The possibility of such a vaccine, however, is conjectural and perhaps far in the future. The concept is complicated by the fact that the virus involved in this case and other viruses suspected of possible links to some juvenile diabetes cases are widespread in the human population while the disease is much less common.

The new report was by scientists of the National Institute of Dental Research and the National Naval Medical Center in Bethesda, Md. They described the case of a 10-year-old boy who had no previous evidence of diabetes but developed a serious form of that disease two days after what appeared to be a mild flu-like illness.

The boy was hospitalized because of severe lethargy and abdominal cramps. He also showed some of the common symptoms of diabetes, including excessive thirst and urination. Doctors soon found that he had the biochemical derangements typical of serious diabetes. Even though he was given insulin and other treatment, he died about a week after the illness began.

Recovered the Virus

Scientists recovered a virus called Coxsackie B4 from the boy’s pancreas. They grew this in tissue culture and then injected it into mice, some of which developed the same serious form of diabetes with destruction of the insulin-producing cells of the pancreas.

Thus, the team of scientists fulfilled all of the classic conditions required for proof that a given virus or bacterium is the cause of a specific illness.

They took elaborate care to rule out the possibility that the virus was a laboratory contaminant. The fact that some strains of laboratory mice developed diabetes while others did not suggests that heredity influences the risk that virus infection will cause the disease. Persons of certain identifiable tissue types are known to be more likely than others to develop diabetes. Furthermore the boy had relatives who were diabetics.

An announcement yesterday from the dental research institute said the case was the first documented instance of recovery of a virus from the pancreas of a patient with juvenile diabetes. The institute is a unit of the National Institutes of Health.

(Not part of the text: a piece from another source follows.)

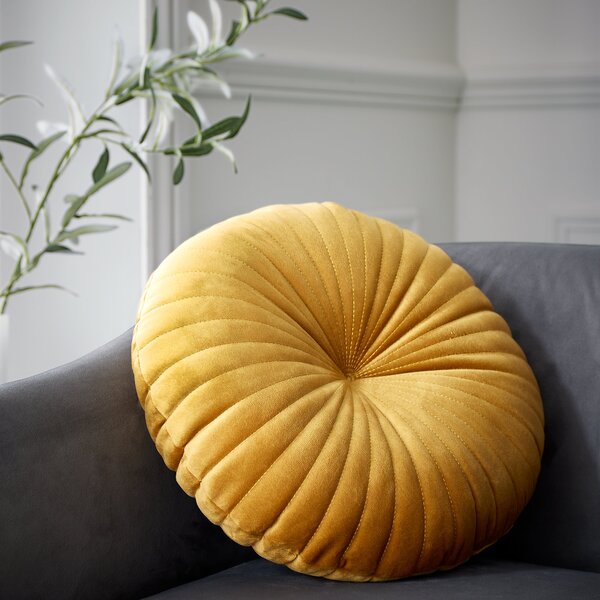 Catherine Lansfield Velvet Round Cushion 40cm Filled Cushion Mustard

The combined evidence of the research and the highly unusual case in a young boy has suggested to the scientists that hereditary susceptibility, virus infection and a situation in which the body assaults its own tissues may be responsible for some cases of juvenile diabetes.

Circumstantial Evidence

Although they have no indication of how common virus-linked diabetes may be, the scientists note in their report that there has been much circumstantial evidence over the years linking it to various virus infections. This is not believed to be true of adult-onset diabetes, a more common condition that some scientists believe to be essentially a different disease from the serious so-called juvenile form.

Authors of the report in the medical journal were Drs. Ji-Won Yoon, Marshall Austin, Takashi Onodera and Abner Louis Notkins. Dr. Austin is a pathologist and virus specialist of the Naval Medical Center, where the boy’s pancreas was studied. The others are scientists of the dental research institute who have long been interested in possible virus links to diabetes.

In earlier research, the team led by Dr. Notkins produced the equivalent of diabetes in mice by infecting them with certain strains of Coxsackie virus and another variety called Reo virus type 3. Strains of both viruses are far more widespread in the human population than is juvenile diabetes.

Coxsackie virus, named for a community in upstate New York where it was discovered several decades ago, is known to produce flu-like infections. It has also been suspected of contributing to some cases of diabetes, because of the laboratory research on mice.

In an interview, Dr. Notkins said it was clear that diabetes was not a common result of infection with Coxsackie virus because at least 50 percent of Americans have been infected with it at some time, while less than one-tenth of 1 percent of Americans ever develop juvenile diabetes. The scientist said the virus-diabetes situation might be somewhat analogous to that of polio virus infections, only a few of which actually produce paralysis.